■ WHAT YOU SHOULD DO
Reproduce the listing word for word. Skip any image.

■ DATASET EXTRACT
* * *

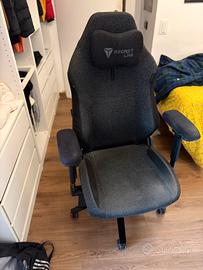 Sedia Gaming Secretlab tessuto 2022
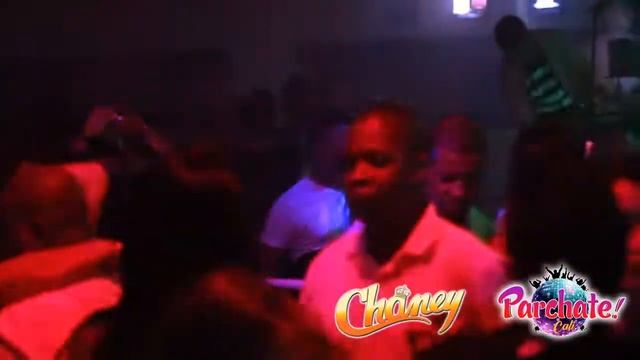 Chaney Pa El Mundo - Parchate Cali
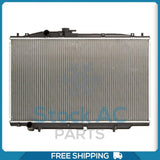 Radiator for Acura TL QOA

* * *

■ ANSWER
 Sedia Gaming Secretlab tessuto 2022
 Chaney Pa El Mundo - Parchate Cali
 Radiator for Acura TL QOA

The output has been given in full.